We’re adulting in a time of dream culture. Confidence culture. Comparison culture. We’re living in a time the prevailing advice is to “hustle oh” so that [insert circumstances] will not happen to us, to pursue our dreams to the detriment of all other desires. Our lives consist of us carving escape routes from mundaneness. We’re supposed to have those dreams, chase them with everything we’ve got, and not veer from the paths we’ve chosen no matter what. We’ve been groomed to see ambition as the North Star so much I now wonder how easy it is to define our self worths by the size of our dreams.
What if our wildest dreams never come true? Do we spend our whole waking lives waiting for the one life-changing moment we dreamed of years ago?
For me, 10 years ago, I hoped I’d be a successful, world-conquering author by now. I’m not. And as I get older, I wonder if we’re allowed to permit ourselves to adjust dreams and expectations. Are we failures if we don’t live them out?

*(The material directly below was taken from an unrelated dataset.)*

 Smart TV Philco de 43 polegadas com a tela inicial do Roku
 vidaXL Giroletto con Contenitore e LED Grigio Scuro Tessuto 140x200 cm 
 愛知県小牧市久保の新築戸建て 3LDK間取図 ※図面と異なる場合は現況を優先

I’ve had varying sizes of dreams, but I’ve often discovered they don’t offer as much satisfaction as I would have hoped. I once dreamed of getting commissioned to write in a reputable legacy publication, and then it happened. I once dreamed of leaving home and striking out on my own. It happened. I’m currently in the middle of that dream. I once dreamed of building a career from writing, growing an audience, and getting paid decent money. It’s happening.

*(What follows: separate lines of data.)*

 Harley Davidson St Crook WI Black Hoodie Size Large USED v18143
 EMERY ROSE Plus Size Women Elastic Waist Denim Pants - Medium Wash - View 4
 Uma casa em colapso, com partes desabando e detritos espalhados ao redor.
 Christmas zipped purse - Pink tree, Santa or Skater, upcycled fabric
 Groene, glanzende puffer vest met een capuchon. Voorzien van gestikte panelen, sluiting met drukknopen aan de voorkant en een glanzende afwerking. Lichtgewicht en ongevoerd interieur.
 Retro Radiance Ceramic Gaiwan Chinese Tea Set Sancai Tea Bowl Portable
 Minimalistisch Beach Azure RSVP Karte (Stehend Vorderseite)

But while I am grateful for these actualisations and proud of my achievements, they don’t often offer me that lasting enjoyment, nor do they change my life like I thought they would. Each time I get commissioned, for example, I enjoy the thrill for all of five minutes, then I keep it moving.
We ambitious people are always striving for more, so much we often miss out on the lives we’re living in the moment. Stay too long without a big win and self-esteem nosedives into the mud. Go for a stretch without checking off a deadline dream and existential doubts creep in. I receive an acceptance email and get happy for five minutes. I get a rejection email the next week, and I suddenly feel worthless. The feeling of worthlessness lasts a lot longer than the elation.

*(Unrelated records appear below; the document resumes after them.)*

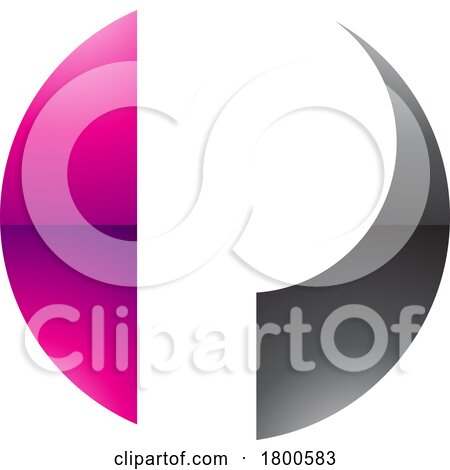 Magenta and Black Glossy Circle Shaped Letter P Icon by cidepix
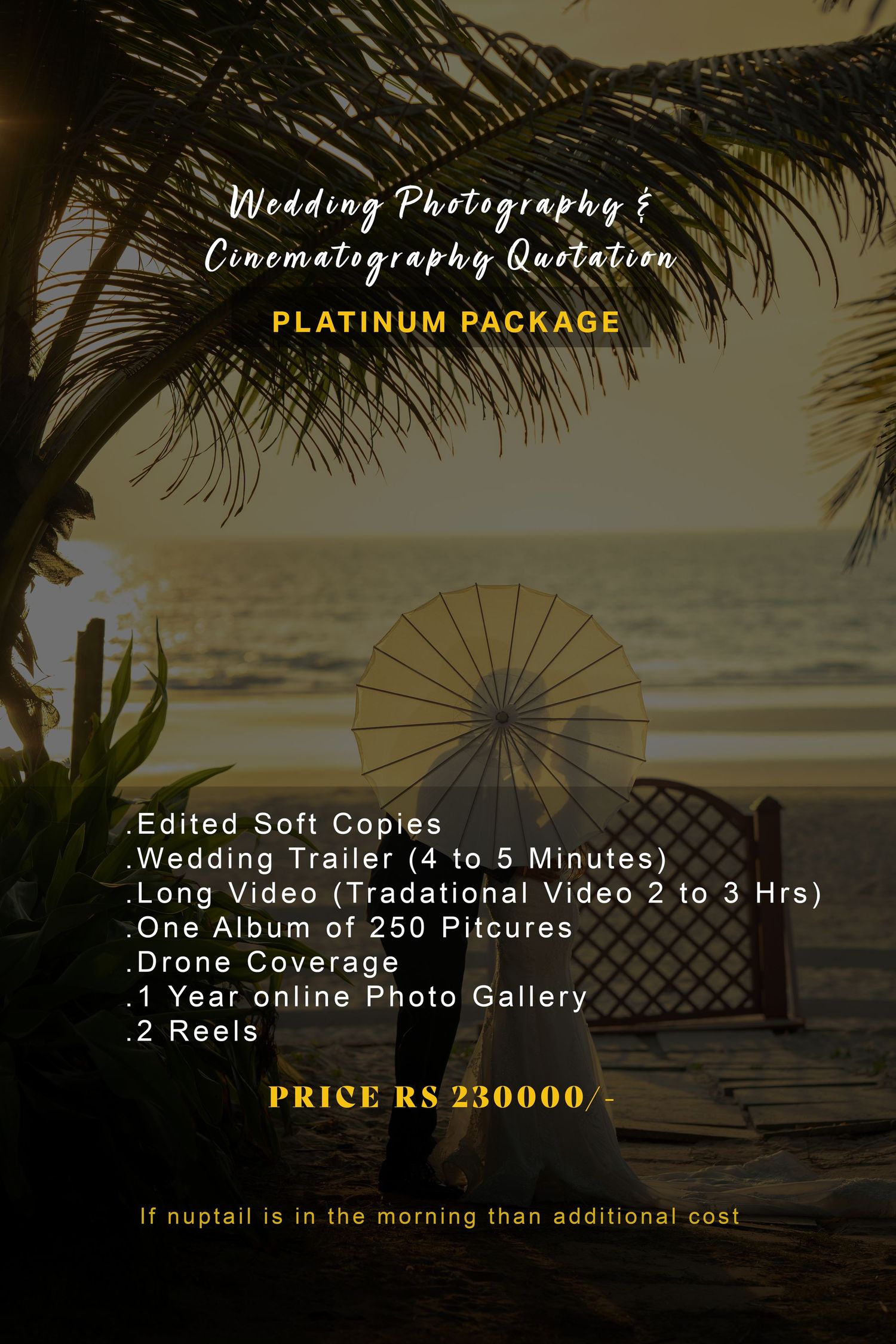 Wedding photography platinum package quotation card with beach sunset backdrop, priced at RS 230000, including drone coverage and reels.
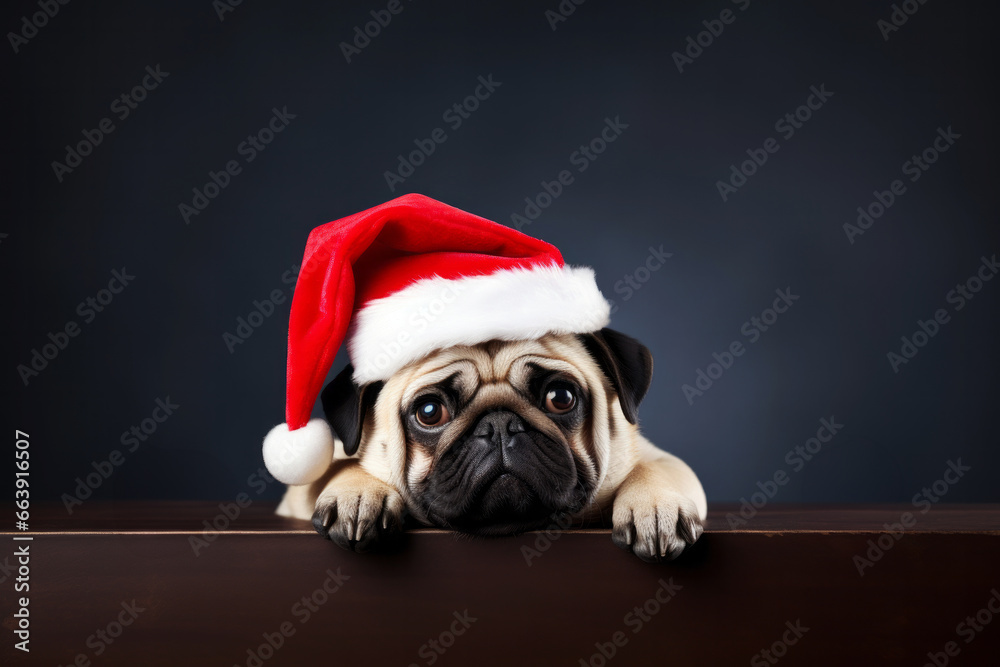 Sad lonely French bulldog in red Christmas hat poses on a dark blue background. Winter holidays concept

—And then imagine your peers moving out and travelling the world while you’re still stuck in the trenches but said friends insist you’re special. But I digress.
Dreaming big can be a gift, but dream too big too much and we stand the risk of those dreams becoming distractions. It’s one thing to keep eyes on the prize; it’s another to let said prize distract us from experiencing smaller joys.
But this is not to say ambition isn’t important. It is. Big dreams provide us with inspiration, with direction, with structure, with identity. They prescribe possible destinations and set us on our way. But I’m choosing to balance out my big dreams with small satisfactions. I’m teaching myself to see my life as a great journey in progress.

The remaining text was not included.